Um olhar para o nome de Virgínia Leone Bicudo observamos que representa a singularidade da convergência de diferentes origens, culturas e vivências, tecendo uma narrativa que transcende gerações e reflete a complexa formação da identidade brasileira. Filha de Giovanna Leone, imigrante italiana, e Teófilo Júlio Bicudo, filho de escrava e criado por Bento Bicudo, produtor de café, liderança política regional e um dos fundadores do jornal O Estado de São Paulo. Os nomes, de certa maneira, estão alinhados e dispostos em uma linha evolutiva civilizatória: da escrava Virginia ao cidadão Bicudo, tendo como elo o imigrante Leone.

A socióloga, a psicanalista.

A história do movimento psicanalítico brasileiro pode ser dividida em três grandes períodos. O primeiro inicia-se nas primeiras décadas do século passado, com a disseminação e o estudo dos textos de Freud. Grupos de curta duração, compostos por psiquiatras e entusiastas da psicanálise, surgiram em São Paulo, Rio de Janeiro e Porto Alegre. (Eizerik, 2018).

Nesse período, em São Paulo, Durval Marcondes, com outros médicos e intelectuais, fundou em 1927 a Sociedade Brasileira de Psicanálise (SBP), em 1928, a Revista Brasileira de Psychanalyse (RBP) que teve apenas um número. Iniciativas efémeras.

Nas primeiras décadas do século XX, o Brasil estava em ebulição. Brasileiros trocavam tiros e ideias no Rio de Janeiro, a capital do Brasil de então, no Norte e no Nordeste, em São Paulo – o foco de irradiação industrial – e no Rio Grande do Sul. Houve rebeliões tenentistas em 1922, 1924 e 1927, culminando no processo de levante contra as velhas oligarquias agrário-exportadoras dos “barões do café” da Revolução de 1930.

Esse período marca o início do processo de urbanização e industrialização brasileiro. Eclodiu algo que estava latente induzindo a desorganização dos poderes instituídos e a criação de uma nova articulação das forças políticas regionais; iniciou-se vigoroso êxodo rural com a intensificação do fluxo imigratório para o Brasil; a ascensão sociopolítica das classes médias; a metamorfose do Estado brasileiro; e a profunda mutação no quadro de valores e comportamentos vigentes.
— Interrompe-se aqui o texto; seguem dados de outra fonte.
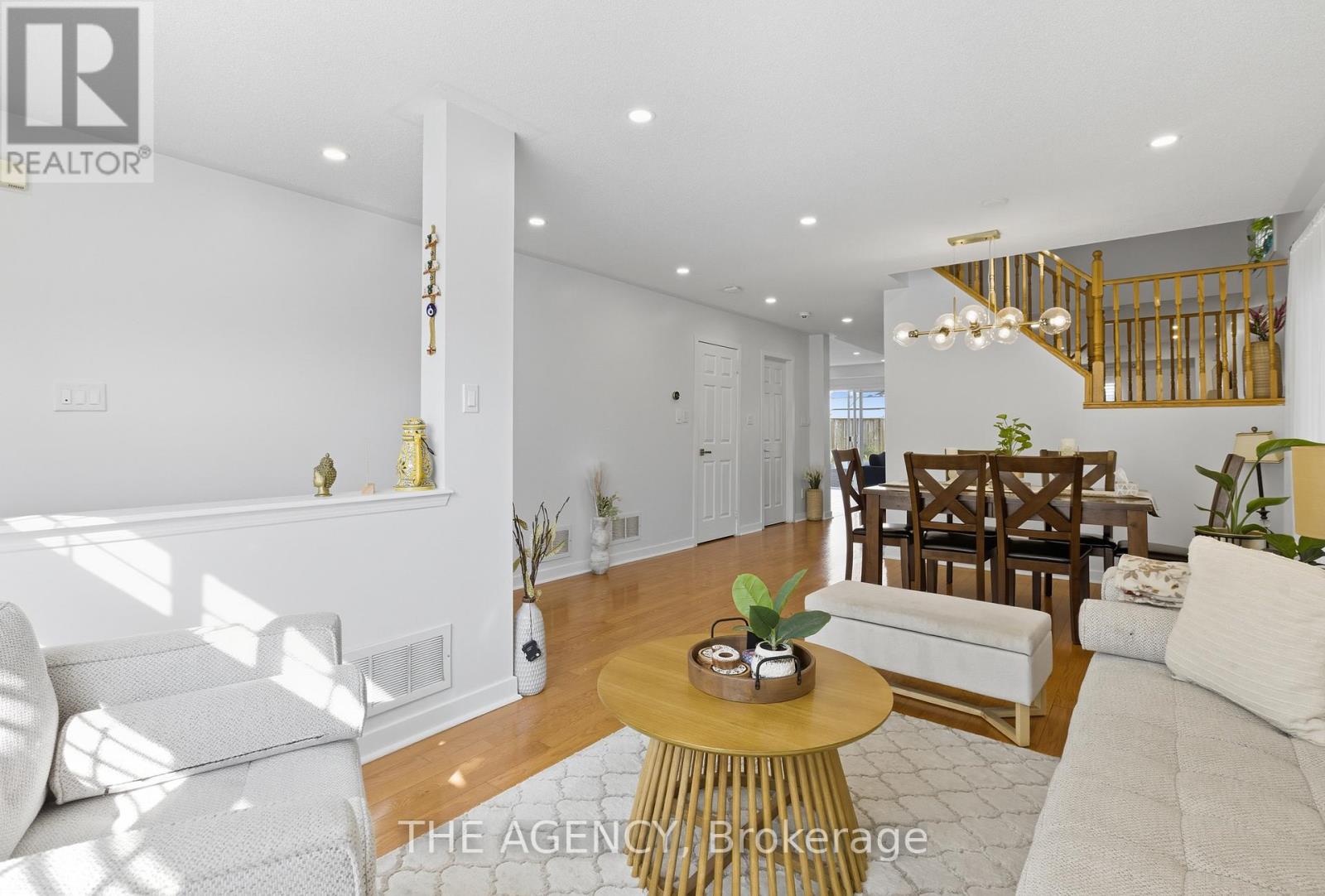 12 Robert Attersley Drive E, Whitby, Ontario  L1R 3E3 - Photo 7 - E12479006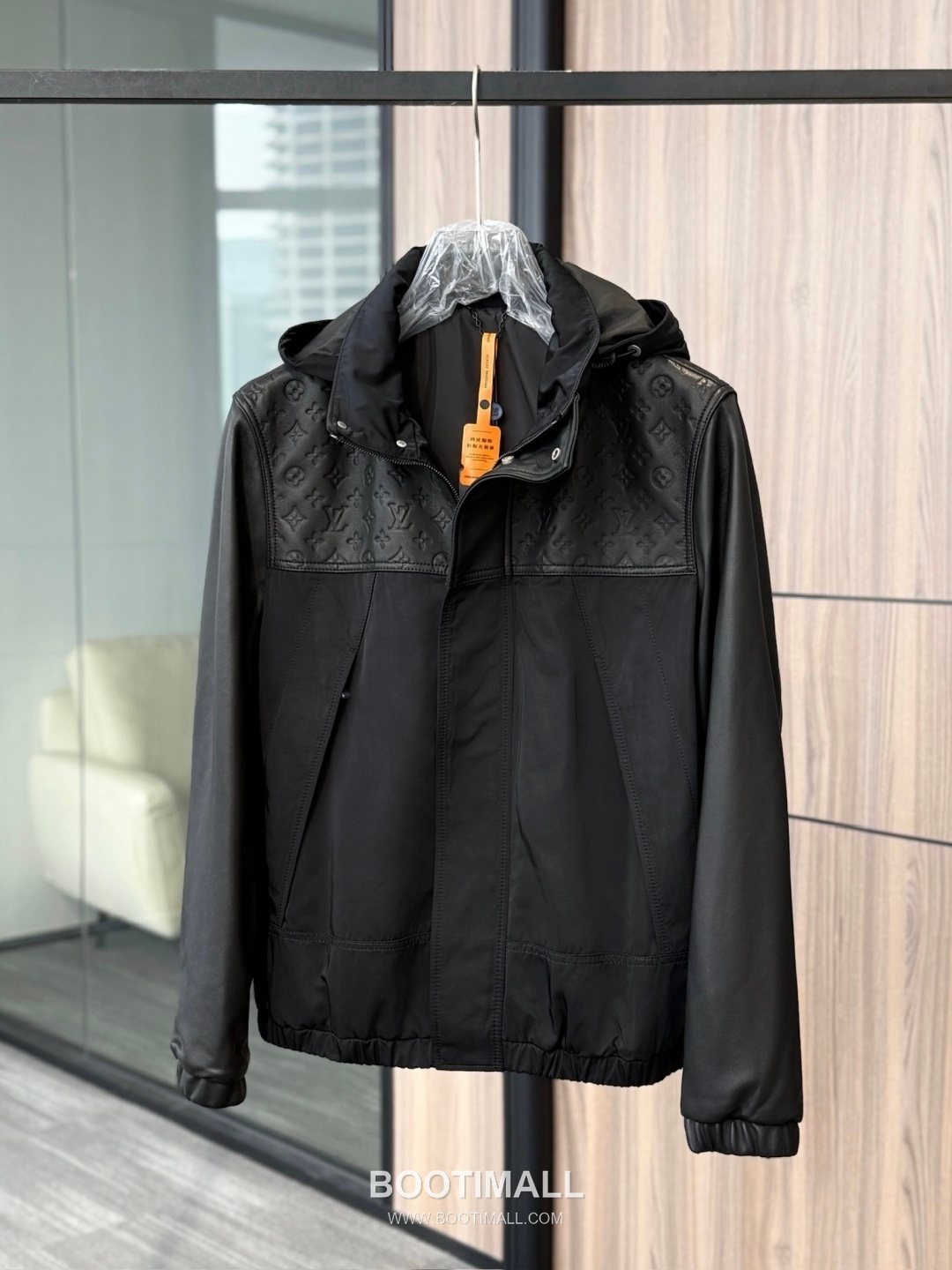 Louis Vuitton Monogram Embossed Mixed Leather Windbreaker Jacket 루이비통 모노그램 엠보싱 믹스드 레더 윈드브레이커 재킷 15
Esse contexto era extremamente fértil para o conhecimento e a difusão das ideias freudianas como vetor de possível compreensão dos movimentos sobrepostos em curso. O moderno em marcha! O grande fato foi A Semana de Arte Moderna, realizada em 1922. Uma experiência estética que marca e sintetiza as intensas transformações, em curso, na capital paulista e no Brasil. Não por acaso, meses depois, no Rio de Janeiro, então capital do Brasil, ocorreu a Revolta dos 18 do Forte de Copacabana, iniciando as revoltas tenentistas no Brasil que vocalizavam a ascensão socio política da classe média e a postulação de reformas estruturais na política brasileira.

As guerras do século XX, a ascensão do nazismo e as perseguições raciais e políticas induziram a imigração de psicanalistas europeus, principalmente, de Viena, Berlin e Budapeste para o continente americano, de língua inglesa, e uma pequena parcela para a América do Sul. Ademais, vários psicanalistas sul-americanos que estavam na Europa retornaram a seus países de origem. (Pieczanski e Pieczanski, 2017)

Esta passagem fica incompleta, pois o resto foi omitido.